Kembali ke tahun 2009, saat aku dan kawan-kawan ditangkap oleh polisi, ayahku ternyata mendengar berita tersebut dan langsung menghubungi petugas yang menangkapku agar aku segera dibebaskan. Ya, ayahku adalah seorang Brigjen Polisi yang bertugas di Jakarta. Aku memang bukan dari keluarga sembarangan, keluargaku merupakan turun temurun anggota personil kepolisian dari kakek buyut hingga ayahku. Malam itu aku benar-benar sial karena ketahuan, aku tidak enak dengan kawan-kawanku tapi urusan dengan ayahku sangat mendesak sehingga aku harus pulang dulu ke rumah.
Di rumah ayahku langsung menghajarku, dia menamparku keras hingga aku terjatuh ke lantai. Kakiku ditendang hingga aku sekatikan, ibuku di ujung pintu menangis melihatnya.
“Anak kurang ajar. Nggak tahu diri, anak nggak tahu malu.” Ucap Sastro, ayahku.
Aku hanya diam menerima pukulan demi pukulan dari ayahku. Setelahnya aku sudah pasti tidak bisa kemana-mana, aku bagai tahanan rumah. Ayahku ternyata harus membayar banyak saksi dan juga teman-teman tongkronganku untuk tidak pernah menyebut namaku lagi.
Ayahku lalu tiba-tiba datang melemparkan sebuah dokumen ke atas meja tempat aku sedang bersantai membaca buku.
“Apa ini?” kataku bingung.
“Mulai besok kamu akan latihan bersama pelatih untuk masuk ke Akademi Kepolisian.
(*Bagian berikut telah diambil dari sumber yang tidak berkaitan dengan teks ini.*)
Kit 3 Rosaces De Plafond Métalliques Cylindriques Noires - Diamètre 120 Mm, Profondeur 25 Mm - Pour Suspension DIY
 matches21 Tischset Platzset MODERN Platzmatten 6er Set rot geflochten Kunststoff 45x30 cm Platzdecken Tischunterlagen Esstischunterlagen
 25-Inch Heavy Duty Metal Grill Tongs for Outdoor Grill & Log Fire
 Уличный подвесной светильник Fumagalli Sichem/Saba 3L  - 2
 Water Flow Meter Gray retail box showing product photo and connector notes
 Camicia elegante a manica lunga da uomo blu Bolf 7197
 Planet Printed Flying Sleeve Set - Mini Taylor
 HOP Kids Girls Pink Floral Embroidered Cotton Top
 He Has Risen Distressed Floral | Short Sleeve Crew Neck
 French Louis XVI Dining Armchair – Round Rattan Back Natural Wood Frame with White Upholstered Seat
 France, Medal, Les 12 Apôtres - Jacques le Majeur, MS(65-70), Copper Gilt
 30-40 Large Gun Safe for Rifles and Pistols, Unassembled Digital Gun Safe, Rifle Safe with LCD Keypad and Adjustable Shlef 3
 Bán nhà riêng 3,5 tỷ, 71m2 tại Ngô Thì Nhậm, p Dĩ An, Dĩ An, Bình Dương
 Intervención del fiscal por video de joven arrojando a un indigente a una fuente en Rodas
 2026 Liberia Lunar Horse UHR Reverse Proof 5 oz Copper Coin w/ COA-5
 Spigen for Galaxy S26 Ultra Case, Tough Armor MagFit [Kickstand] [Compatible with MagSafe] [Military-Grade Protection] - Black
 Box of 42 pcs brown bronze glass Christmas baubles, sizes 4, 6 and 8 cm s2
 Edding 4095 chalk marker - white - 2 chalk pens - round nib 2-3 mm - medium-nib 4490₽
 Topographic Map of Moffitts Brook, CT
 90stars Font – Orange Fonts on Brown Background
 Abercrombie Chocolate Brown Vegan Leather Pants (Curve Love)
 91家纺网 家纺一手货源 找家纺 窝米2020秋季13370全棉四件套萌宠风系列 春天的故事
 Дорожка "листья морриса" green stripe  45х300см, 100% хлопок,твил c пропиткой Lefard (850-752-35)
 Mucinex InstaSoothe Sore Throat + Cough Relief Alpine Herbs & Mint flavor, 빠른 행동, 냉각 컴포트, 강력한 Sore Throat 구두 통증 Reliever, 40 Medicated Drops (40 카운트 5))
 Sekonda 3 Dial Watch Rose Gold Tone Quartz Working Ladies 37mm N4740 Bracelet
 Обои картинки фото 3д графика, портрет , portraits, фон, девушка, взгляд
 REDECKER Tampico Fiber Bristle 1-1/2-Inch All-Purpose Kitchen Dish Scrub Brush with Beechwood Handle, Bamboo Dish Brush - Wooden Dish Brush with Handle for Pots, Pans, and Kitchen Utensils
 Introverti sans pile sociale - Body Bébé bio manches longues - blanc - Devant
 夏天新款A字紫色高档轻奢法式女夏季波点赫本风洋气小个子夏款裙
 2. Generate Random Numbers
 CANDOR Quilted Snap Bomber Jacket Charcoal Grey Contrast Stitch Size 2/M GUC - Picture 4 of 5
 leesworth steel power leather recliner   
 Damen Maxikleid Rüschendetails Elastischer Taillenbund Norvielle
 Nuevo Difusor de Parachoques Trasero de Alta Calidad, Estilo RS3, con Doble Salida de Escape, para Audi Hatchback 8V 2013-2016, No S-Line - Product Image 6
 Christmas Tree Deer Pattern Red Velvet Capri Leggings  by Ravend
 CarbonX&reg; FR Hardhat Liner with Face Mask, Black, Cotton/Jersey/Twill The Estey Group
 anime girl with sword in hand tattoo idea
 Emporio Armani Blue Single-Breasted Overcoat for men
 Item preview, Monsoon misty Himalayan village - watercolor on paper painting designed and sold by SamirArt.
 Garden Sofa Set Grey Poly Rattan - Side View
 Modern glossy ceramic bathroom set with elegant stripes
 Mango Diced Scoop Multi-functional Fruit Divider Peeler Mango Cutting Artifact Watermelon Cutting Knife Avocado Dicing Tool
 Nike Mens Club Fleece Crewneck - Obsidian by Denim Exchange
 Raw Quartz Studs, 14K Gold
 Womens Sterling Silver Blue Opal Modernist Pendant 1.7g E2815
Kamu harus lolos, bagaimana pun caranya,” titah ayahku yang kutahu tidak akan bisa kutolak, tapi tetap saja.
“Aku sudah bilang aku nggak mau, aku nggak mau jadi polisi Yah. Aku mau jadi pembalap.”
“Ngomong apa sih kamu? Kuliah nggak mau, pendidikan polisi nggak mau. Maunya balapan? Yang benar saja, kamu mau jadi apa Farhan,” tuturnya memandang sebelah mata.
Aku hanya diam menatap ayahku yang terlihat begitu emosi. Ada rasa takut yang menyelimutiku saat ini.
“Ayah memaksa, kalau kamu tidak mau mengikuti pelatihan akademi polisi, ayah akan penjarakan semua teman-teman tongkrongan kamu. Akan ayah pastikan mereka dikeluarkan dari sekolah dan tidak memiliki masa depan.”
Aku berdiri menatap mata ayahku tajam, menantangnya bagai tak takut apapun, “Coba saja kalau berani,” sebelum pergi meraih jaket dan tasku.
***
Aku pergi ke tempat tongkrongan, di sana aku melihat teman-temanku yang tidak tertangkap polisi terdiam lesu. Lalu salah seorang dari mereka melihatku datang.
“Han, gimana ini? Yang lain pada ketangkep,” ujarnya.
“Gue lihat mereka digebukin, hampir mampus mereka. Oki sama Fany habis Han,” ujar temanku satu lagi.
Aku hanya diam, menatap mereka satu persatu, “Gue akan berusaha untuk membebaskan yang lain. Gue janji,” tuturku dengan hati cemas.
Aku sontak pergi ke Kantor Polisi, aku melihat Oki dan Fany dalam keadaan yang mengenaskan. Mereka sudah lemas, wajah mereka merah memar. Hatiku tertegun melihatnya, aku dengan lunglai pergi ke Ancol untuk membersihkan pikiranku. Aku berdiam menatap laut yang berombak deras.